**THE INPUT**
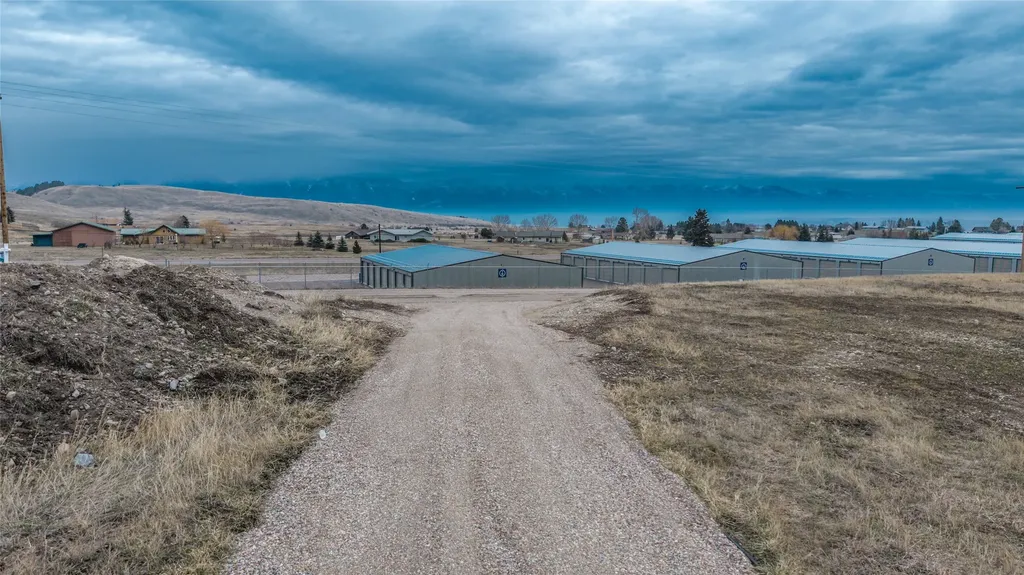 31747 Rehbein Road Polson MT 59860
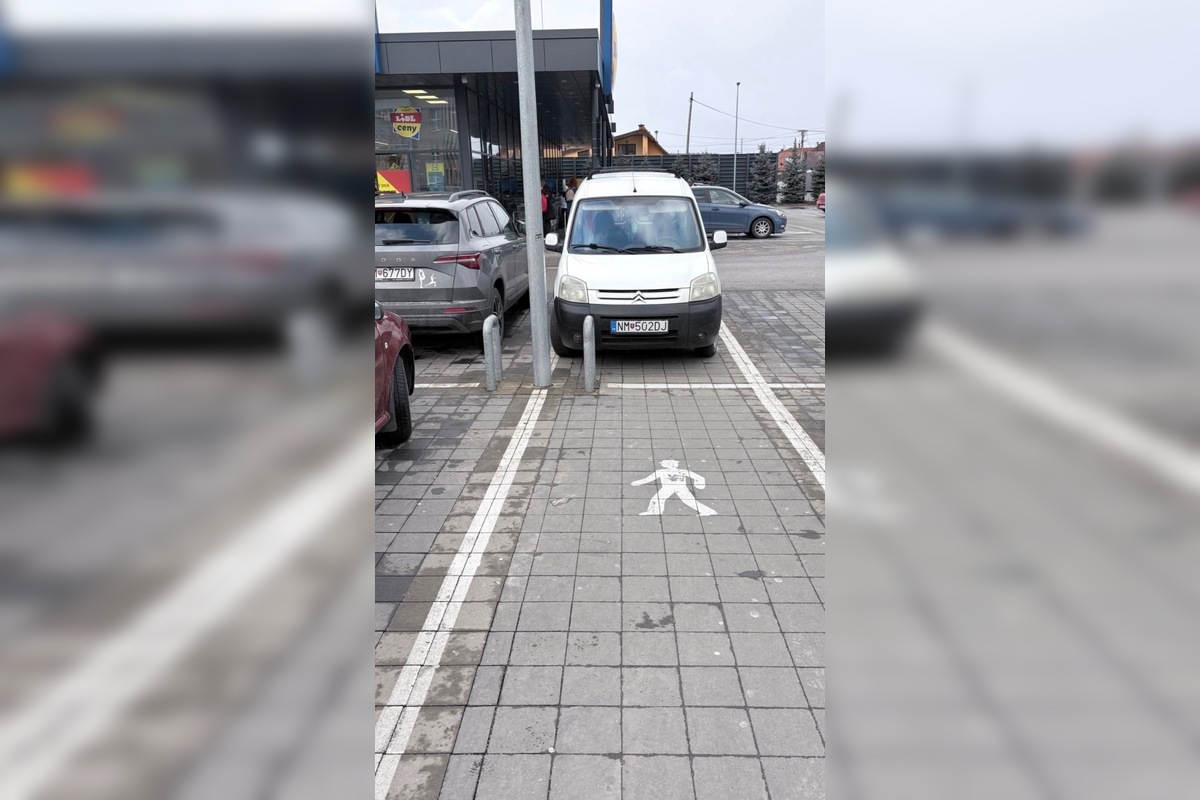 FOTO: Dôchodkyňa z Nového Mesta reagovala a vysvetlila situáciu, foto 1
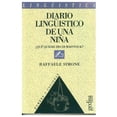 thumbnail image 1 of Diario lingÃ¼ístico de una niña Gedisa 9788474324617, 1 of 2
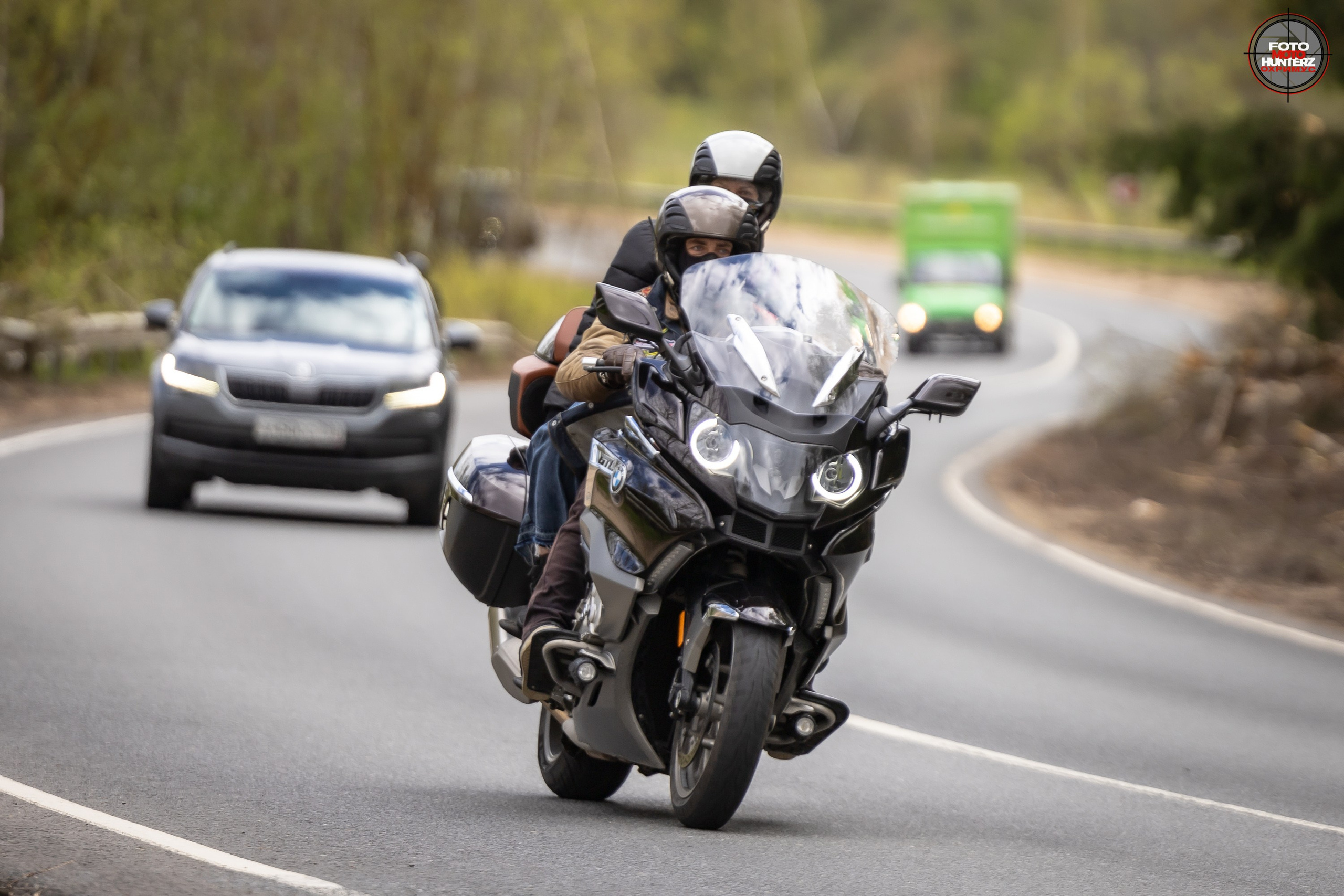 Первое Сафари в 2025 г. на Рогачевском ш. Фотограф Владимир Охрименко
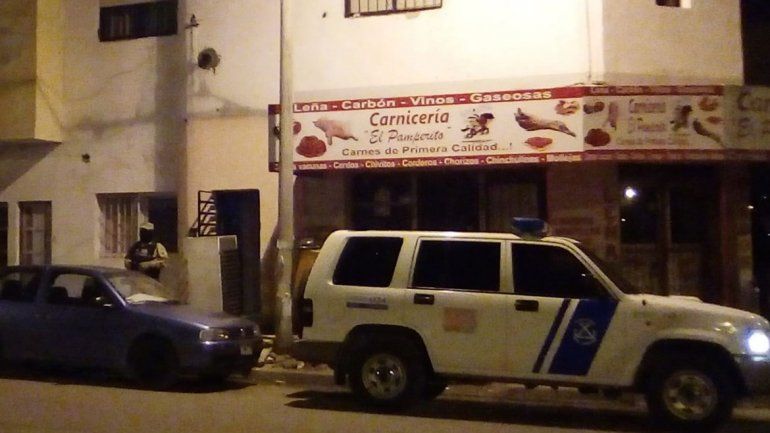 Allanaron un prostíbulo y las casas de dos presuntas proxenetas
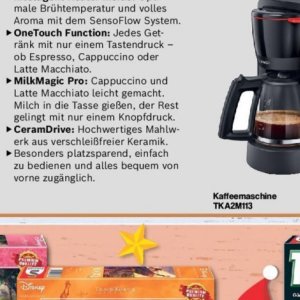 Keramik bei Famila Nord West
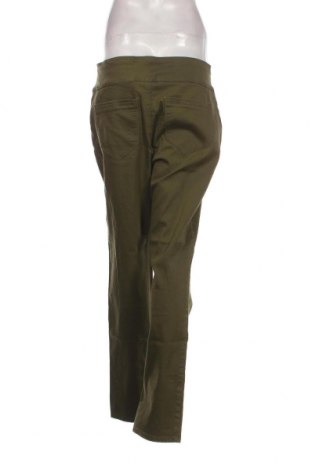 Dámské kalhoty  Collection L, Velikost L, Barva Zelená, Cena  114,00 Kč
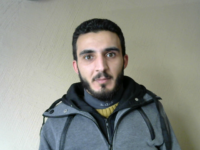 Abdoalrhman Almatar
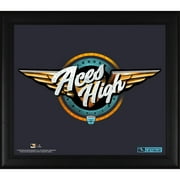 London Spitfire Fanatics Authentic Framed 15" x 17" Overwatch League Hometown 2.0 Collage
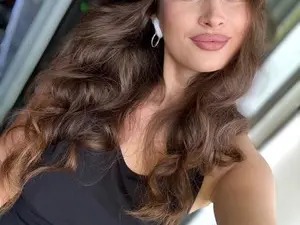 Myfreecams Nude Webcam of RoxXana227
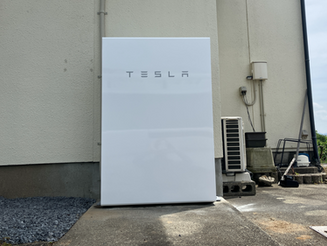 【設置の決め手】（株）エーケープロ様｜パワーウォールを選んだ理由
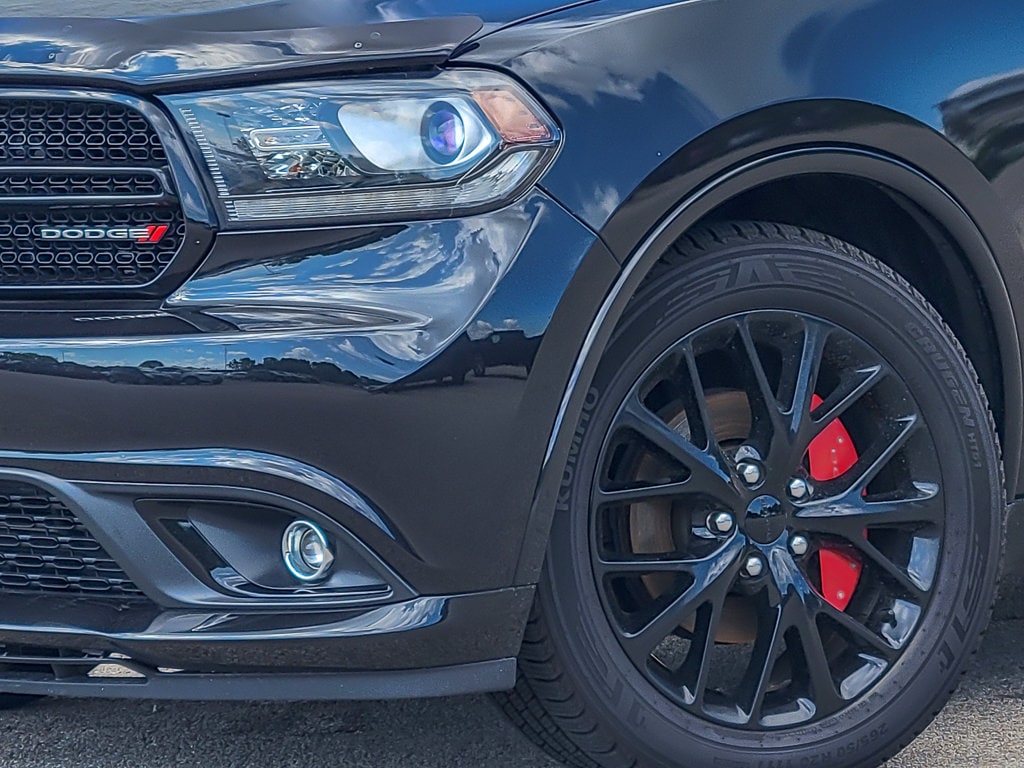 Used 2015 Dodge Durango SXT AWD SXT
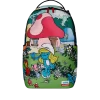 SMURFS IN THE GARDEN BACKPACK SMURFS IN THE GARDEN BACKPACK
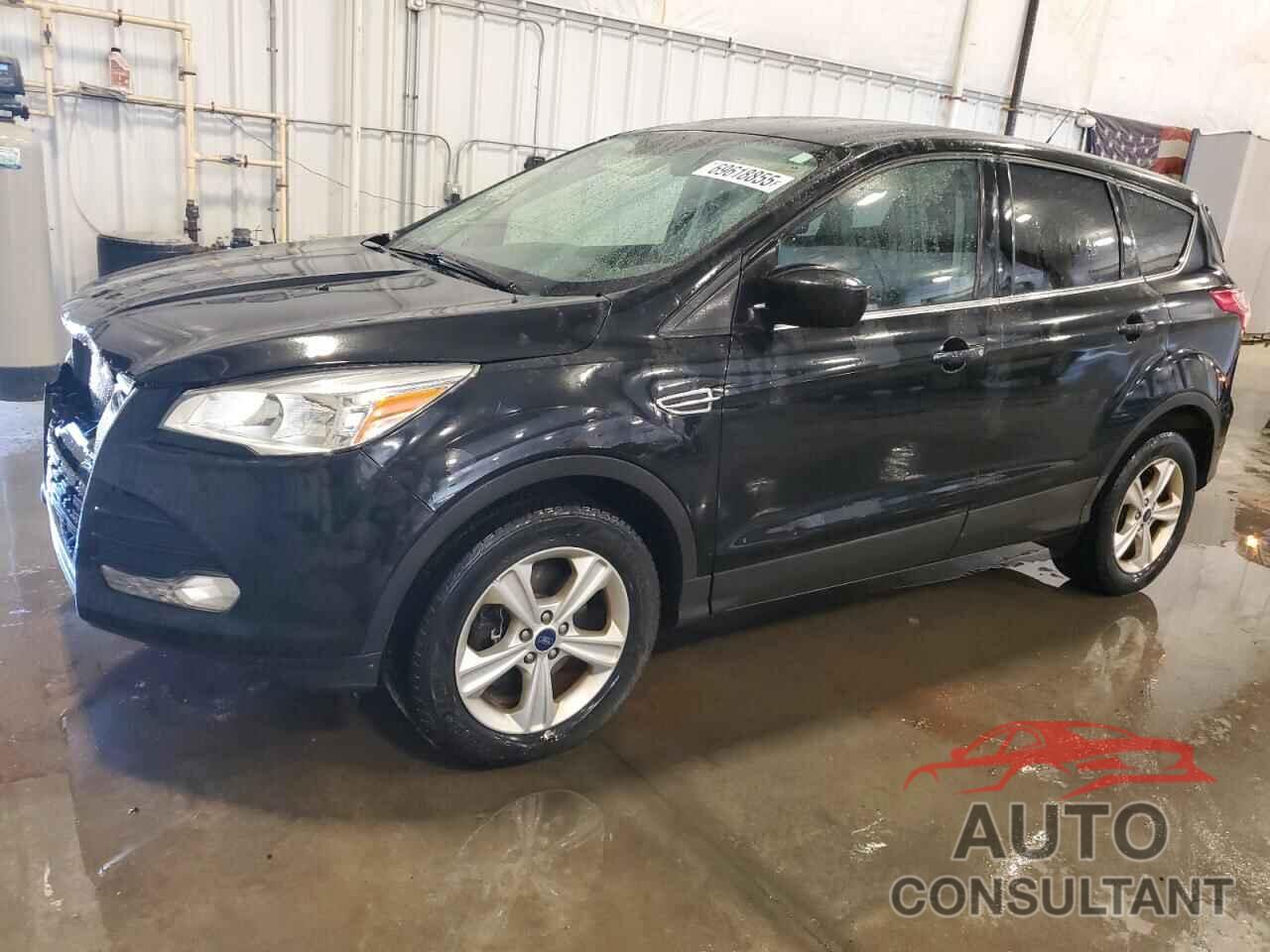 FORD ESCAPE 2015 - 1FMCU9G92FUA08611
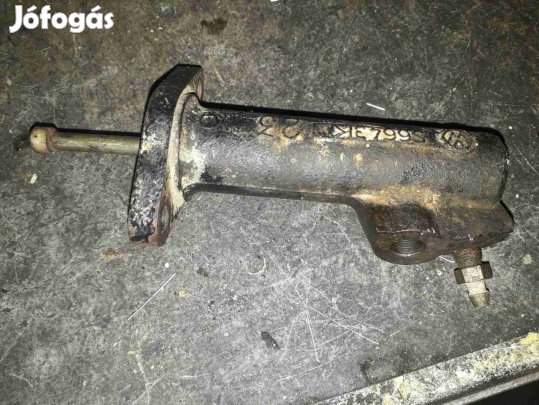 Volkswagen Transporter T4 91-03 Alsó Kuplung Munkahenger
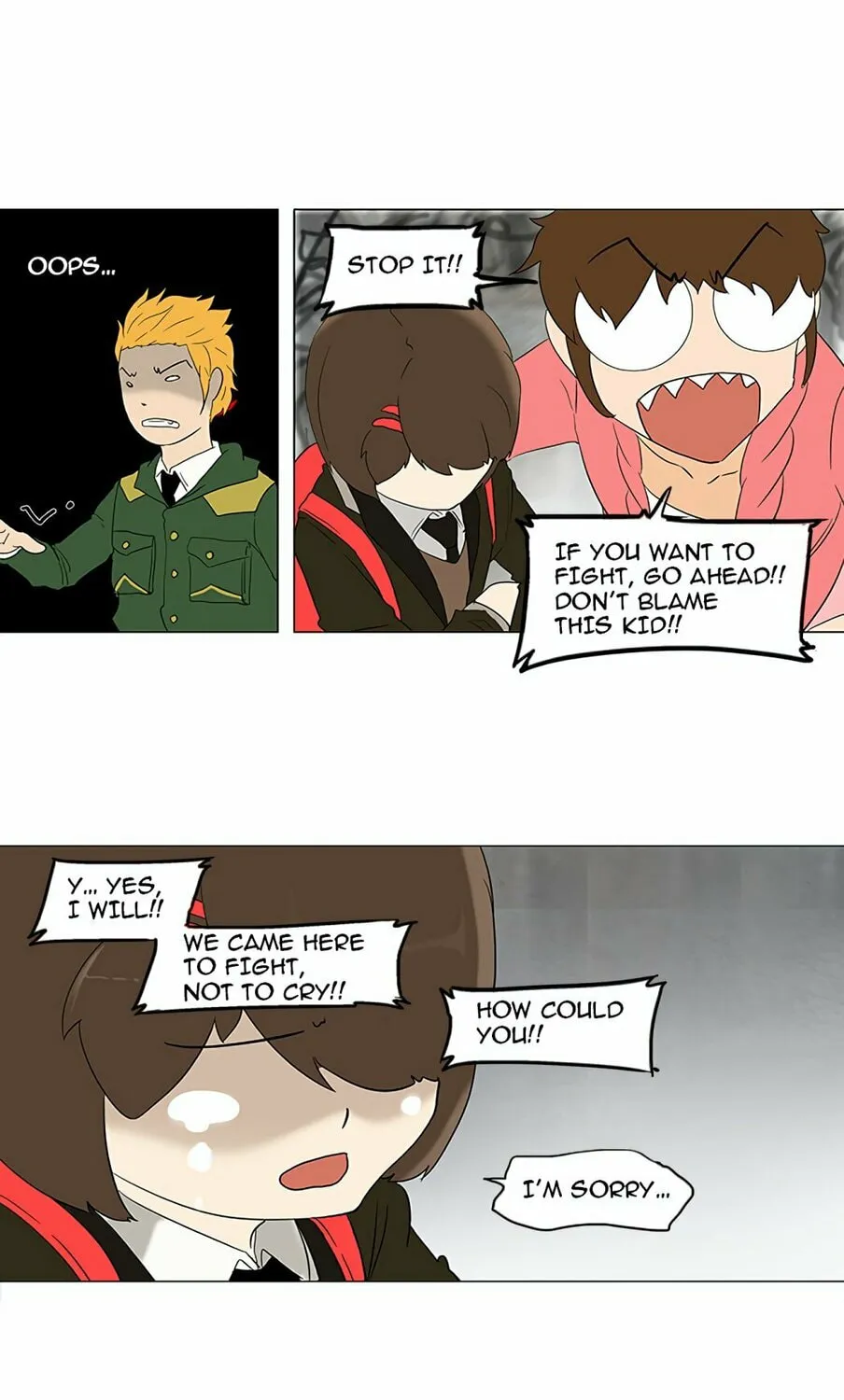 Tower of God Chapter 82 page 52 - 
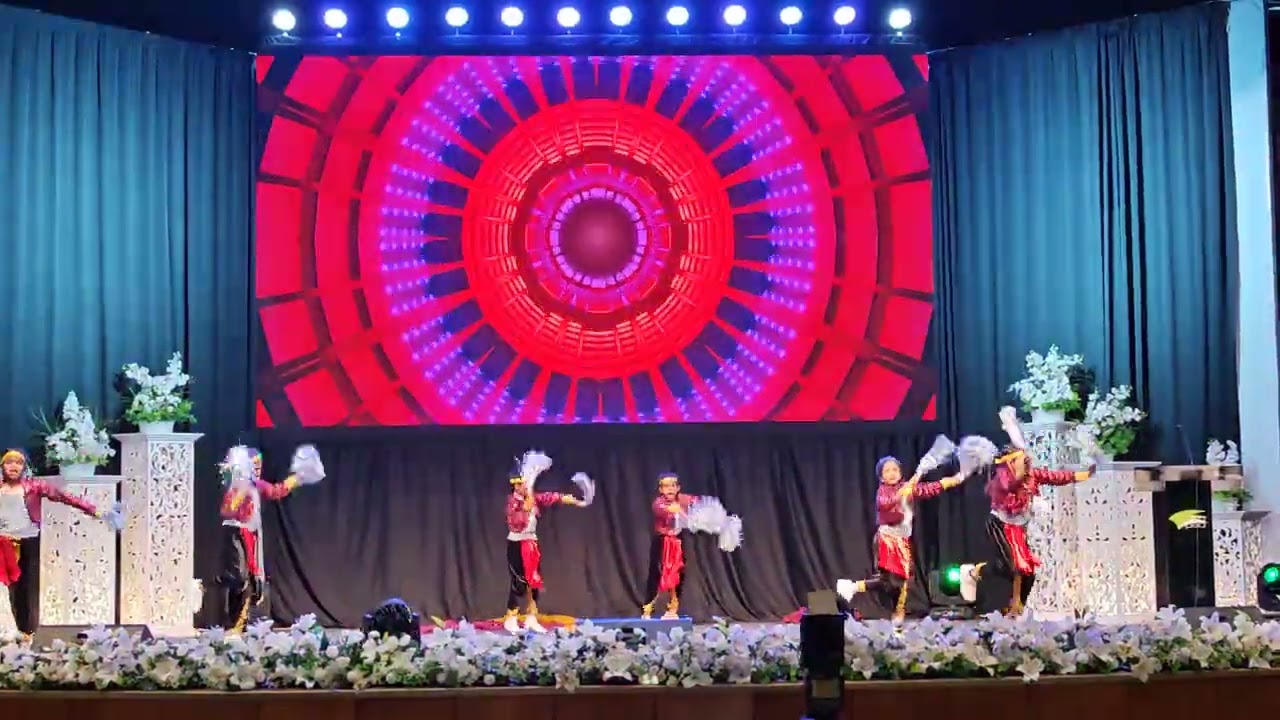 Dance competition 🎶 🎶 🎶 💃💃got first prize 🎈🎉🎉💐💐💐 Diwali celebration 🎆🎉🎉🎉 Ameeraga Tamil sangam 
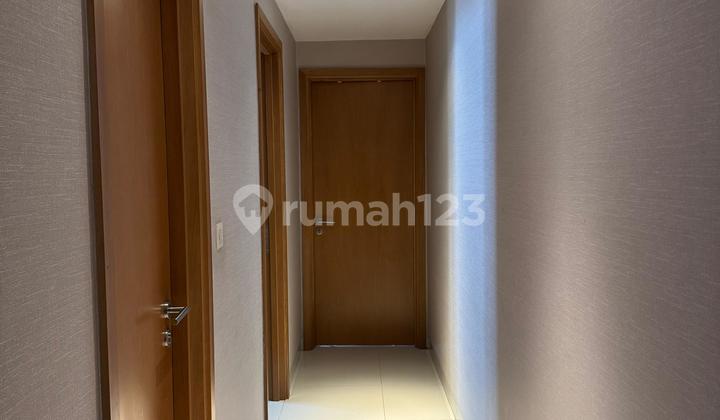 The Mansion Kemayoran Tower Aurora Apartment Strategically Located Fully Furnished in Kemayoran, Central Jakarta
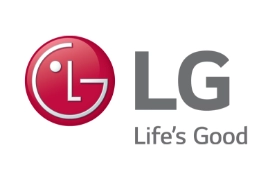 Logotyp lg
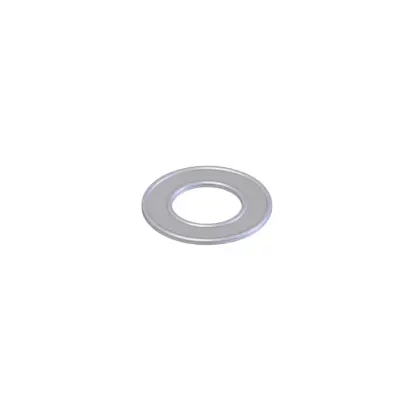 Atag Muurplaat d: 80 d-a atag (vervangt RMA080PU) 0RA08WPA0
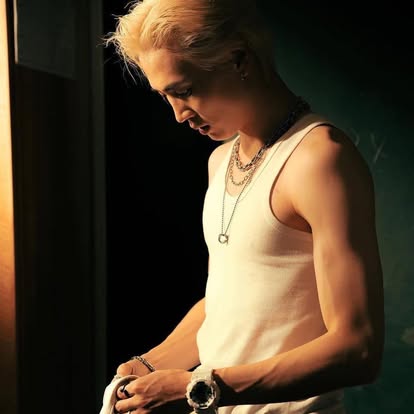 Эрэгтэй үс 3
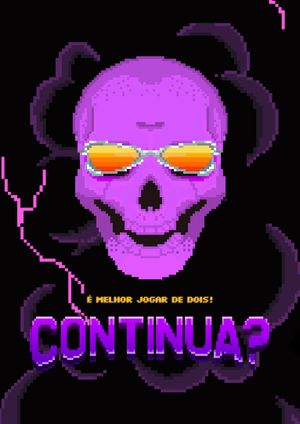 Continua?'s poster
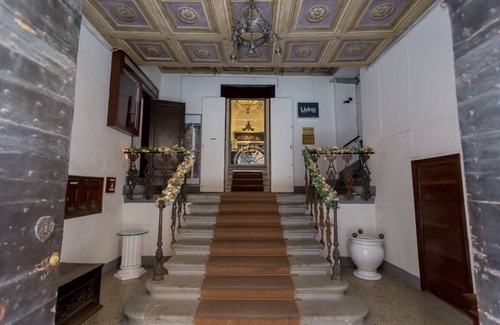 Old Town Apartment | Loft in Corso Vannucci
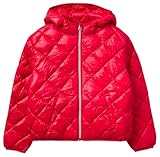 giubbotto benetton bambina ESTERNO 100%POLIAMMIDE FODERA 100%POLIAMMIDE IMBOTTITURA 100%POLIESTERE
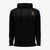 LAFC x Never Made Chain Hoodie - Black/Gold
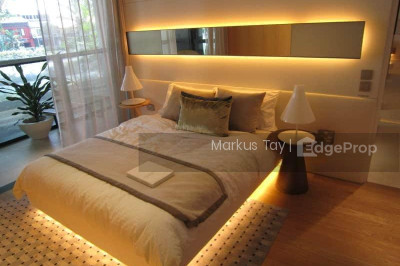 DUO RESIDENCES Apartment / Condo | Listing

**INSTRUCTIONS FOR THE TASK**
Take the entries above and copy exactly the lines starting at the one with "Used 2015 Dodge Durango SXT AWD SXT" and ending at the one with "Old Town Apartment | Loft in Corso Vannucci"; nothing outside that span, and no pictures.

**ANSWER FOR THE TASK**
 Used 2015 Dodge Durango SXT AWD SXT
 SMURFS IN THE GARDEN BACKPACK SMURFS IN THE GARDEN BACKPACK
 FORD ESCAPE 2015 - 1FMCU9G92FUA08611
 Volkswagen Transporter T4 91-03 Alsó Kuplung Munkahenger
 Tower of God Chapter 82 page 52 - 
 Dance competition 🎶 🎶 🎶 💃💃got first prize 🎈🎉🎉💐💐💐 Diwali celebration 🎆🎉🎉🎉 Ameeraga Tamil sangam 
 The Mansion Kemayoran Tower Aurora Apartment Strategically Located Fully Furnished in Kemayoran, Central Jakarta
 Logotyp lg
 Atag Muurplaat d: 80 d-a atag (vervangt RMA080PU) 0RA08WPA0
 Эрэгтэй үс 3
 Continua?'s poster
 Old Town Apartment | Loft in Corso Vannucci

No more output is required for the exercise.